Why?  When?  And, more importantly—how?

I know you are all madly curious to discover the outcome to the lizard adventure (see my two previous posts if you aren’t up to speed), but we need to pause for just a moment and ask ourselves some important questions.

How did the lizard get into the house?

This is a piece of critical information that is sadly lacking.  You see, when I lived in a NYC apartment and we had a mouse, it was possible to find a hole in the wall behind the stove where the gas pipe came into the apartment.  The proper procedure when dealing with uninvited guests is:

  1. Get over the shock.
  2. Remove the interloper.
  3. Figure out the point of entry.
  4. Close it.

This worked very well with the mouse.  You do have to remember that I was not the person who accomplished the removal.  At that stage of my personal growth, it was a triumph not to remove myself.  Nonetheless, the mouse was gone, and we were reasonably certain it wasn’t coming back.

So, how did the lizard get into the house?  Lesser questions—more a matter of curiosity than critical pieces of information—are why did the lizard get into the house and when?

I can’t say for sure, but I assume the when was not too long before I discovered it.  Lizards, unlike spiders, aren’t known for skulking in the shadows and lying in wait.  In addition, there’s not that much for a lizard to eat in this house (I hope and pray).  Any lizard that has been here for any  length of time would not need catching and releasing.  It would need sweeping up.

The why is immaterial except insofar as it has an impact on future preventive measures.  I suppose he thought it was a good idea at the time.  (I’ve gotten myself into some predicaments in the same way.)

The how, though.  The how is a puzzlement.

Definitely something that deserves consideration.  Unfortunately, I think I’ll be wondering about that for a while.  I suspect, since I don’t have a ravening horde of invading lizards—and I do have a lot of lizards outside—that it’s not some breach in the home’s defenses like a hole in a wall.

I think it’s more a crime of opportunism.  The lizard saw an open door and took a chance.

I’m going with that, anyway, in the absence of any other theories.

And tomorrow, I will tell you what happened in the great lizard wrangling of 2013.

Is there some special technique

to leaf blowing?

This is what I am wondering today.  I’ve had my leaf blower for about 2 years, and I must confess that I do not seem to have grasped whatever nuances there are.

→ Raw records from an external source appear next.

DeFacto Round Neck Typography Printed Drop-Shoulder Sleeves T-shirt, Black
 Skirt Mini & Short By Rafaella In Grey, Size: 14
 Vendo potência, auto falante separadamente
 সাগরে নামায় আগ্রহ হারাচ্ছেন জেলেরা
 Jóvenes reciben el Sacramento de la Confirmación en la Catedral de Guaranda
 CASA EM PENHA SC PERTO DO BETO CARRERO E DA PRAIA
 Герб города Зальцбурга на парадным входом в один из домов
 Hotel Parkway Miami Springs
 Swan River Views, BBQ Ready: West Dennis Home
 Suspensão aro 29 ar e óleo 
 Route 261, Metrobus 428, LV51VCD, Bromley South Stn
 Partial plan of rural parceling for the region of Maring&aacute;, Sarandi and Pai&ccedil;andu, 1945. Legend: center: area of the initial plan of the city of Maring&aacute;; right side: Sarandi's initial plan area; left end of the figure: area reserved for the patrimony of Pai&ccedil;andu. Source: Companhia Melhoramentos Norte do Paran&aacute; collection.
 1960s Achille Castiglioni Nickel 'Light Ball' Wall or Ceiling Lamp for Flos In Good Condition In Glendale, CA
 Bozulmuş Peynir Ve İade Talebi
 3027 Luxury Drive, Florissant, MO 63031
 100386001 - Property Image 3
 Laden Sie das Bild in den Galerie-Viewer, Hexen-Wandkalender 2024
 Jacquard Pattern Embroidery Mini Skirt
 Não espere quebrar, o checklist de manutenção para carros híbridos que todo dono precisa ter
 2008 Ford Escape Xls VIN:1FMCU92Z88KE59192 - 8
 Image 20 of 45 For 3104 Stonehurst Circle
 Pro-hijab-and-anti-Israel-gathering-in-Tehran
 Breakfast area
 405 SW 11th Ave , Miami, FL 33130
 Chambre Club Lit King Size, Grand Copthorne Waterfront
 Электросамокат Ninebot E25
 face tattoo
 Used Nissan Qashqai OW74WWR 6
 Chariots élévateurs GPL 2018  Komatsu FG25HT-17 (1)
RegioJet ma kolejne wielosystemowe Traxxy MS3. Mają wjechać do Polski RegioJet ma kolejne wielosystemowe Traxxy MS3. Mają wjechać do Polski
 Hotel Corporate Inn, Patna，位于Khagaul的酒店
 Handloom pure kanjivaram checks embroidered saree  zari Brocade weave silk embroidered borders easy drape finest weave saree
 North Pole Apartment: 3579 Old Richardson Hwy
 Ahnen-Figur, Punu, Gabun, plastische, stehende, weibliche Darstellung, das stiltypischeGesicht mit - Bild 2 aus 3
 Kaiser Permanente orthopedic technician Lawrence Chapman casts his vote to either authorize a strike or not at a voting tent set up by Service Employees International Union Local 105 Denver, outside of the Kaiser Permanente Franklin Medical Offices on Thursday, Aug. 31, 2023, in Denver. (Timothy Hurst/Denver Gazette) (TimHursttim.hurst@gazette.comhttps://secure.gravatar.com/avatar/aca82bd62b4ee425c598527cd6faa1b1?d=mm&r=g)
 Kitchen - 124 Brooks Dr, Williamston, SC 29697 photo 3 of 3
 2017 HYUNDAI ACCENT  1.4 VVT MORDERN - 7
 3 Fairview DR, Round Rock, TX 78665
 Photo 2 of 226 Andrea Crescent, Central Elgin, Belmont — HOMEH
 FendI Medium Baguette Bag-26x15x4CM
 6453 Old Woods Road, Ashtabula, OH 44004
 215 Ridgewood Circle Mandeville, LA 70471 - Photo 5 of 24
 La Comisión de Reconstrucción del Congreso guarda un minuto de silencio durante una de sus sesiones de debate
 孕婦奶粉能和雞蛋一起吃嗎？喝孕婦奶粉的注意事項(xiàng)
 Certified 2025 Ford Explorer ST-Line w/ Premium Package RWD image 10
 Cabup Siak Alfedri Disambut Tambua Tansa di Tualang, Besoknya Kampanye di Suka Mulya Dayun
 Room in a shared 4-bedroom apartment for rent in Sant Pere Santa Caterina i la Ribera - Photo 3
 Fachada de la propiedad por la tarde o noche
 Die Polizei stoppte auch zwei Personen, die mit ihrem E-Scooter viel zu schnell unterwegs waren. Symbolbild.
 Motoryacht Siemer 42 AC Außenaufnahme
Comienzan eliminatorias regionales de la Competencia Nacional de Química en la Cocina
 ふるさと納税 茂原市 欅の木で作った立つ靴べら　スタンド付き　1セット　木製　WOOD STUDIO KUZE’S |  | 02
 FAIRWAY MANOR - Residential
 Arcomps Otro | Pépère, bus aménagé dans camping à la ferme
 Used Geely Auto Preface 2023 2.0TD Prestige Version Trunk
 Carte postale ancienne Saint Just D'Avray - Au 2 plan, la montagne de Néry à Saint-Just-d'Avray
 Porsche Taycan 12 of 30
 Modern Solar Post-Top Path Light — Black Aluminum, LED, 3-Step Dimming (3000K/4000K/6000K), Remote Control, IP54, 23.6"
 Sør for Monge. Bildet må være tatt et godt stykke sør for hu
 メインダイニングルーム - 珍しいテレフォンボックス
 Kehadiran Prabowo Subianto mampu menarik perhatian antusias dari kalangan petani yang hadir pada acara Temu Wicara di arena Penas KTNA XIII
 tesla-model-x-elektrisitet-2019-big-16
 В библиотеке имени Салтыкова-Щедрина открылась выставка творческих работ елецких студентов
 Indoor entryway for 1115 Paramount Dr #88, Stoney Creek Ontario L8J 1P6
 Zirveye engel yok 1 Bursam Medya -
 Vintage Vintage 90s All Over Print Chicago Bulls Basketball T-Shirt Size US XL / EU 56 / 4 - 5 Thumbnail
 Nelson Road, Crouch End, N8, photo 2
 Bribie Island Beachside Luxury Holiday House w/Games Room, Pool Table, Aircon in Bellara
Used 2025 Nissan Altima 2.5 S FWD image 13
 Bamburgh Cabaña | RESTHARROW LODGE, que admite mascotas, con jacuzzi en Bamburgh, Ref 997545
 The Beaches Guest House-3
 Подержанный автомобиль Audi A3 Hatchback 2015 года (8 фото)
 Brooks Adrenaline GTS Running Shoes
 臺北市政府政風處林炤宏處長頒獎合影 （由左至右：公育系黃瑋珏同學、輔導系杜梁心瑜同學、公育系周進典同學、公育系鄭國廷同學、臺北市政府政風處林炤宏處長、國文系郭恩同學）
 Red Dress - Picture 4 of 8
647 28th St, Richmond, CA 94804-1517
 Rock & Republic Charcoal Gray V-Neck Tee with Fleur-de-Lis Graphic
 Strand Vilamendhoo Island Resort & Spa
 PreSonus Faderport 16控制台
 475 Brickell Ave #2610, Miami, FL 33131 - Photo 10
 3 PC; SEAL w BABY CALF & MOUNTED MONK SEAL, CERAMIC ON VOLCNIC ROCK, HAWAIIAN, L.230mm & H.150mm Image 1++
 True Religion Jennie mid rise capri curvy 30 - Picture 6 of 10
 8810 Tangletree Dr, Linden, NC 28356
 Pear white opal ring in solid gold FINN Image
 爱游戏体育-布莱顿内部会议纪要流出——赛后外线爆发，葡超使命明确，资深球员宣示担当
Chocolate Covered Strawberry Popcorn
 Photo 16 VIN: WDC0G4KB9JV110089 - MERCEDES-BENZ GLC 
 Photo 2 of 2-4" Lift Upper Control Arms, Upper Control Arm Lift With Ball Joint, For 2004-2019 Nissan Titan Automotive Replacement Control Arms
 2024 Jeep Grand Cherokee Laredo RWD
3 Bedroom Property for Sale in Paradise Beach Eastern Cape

You’d think it would be easy, right?

It’s a blast of air.

Point at the leaves, and they blow away.

Well, yeah.

They do.

Blow away.

But, here’s the thing.  They blow in multiple directions.  So, I very carefully clear off one section of the driveway, say, and as soon as I move to the next section, I am blowing leaves back over the cleared portion.  It’s…disheartening.

Now, the lawn guys I see working around the neighborhood don’t seem to have this problem.  They go whooshing around, jump back in their trucks, and leave behind a nice clear driveway.

That’s not what happens for me.  I blow the leaves off the rocks in the flower beds, and they land on the front porch.  I blow them off the porch, and they’re back in the flower beds.  I don’t think I’m getting the hang of it at all.

I’ve googled.

I don’t find any new ideas, really, except for one guy who suggested making sure your beer is covered before you start leaf blowing.  That wasn’t exactly the kind of thing I was looking for.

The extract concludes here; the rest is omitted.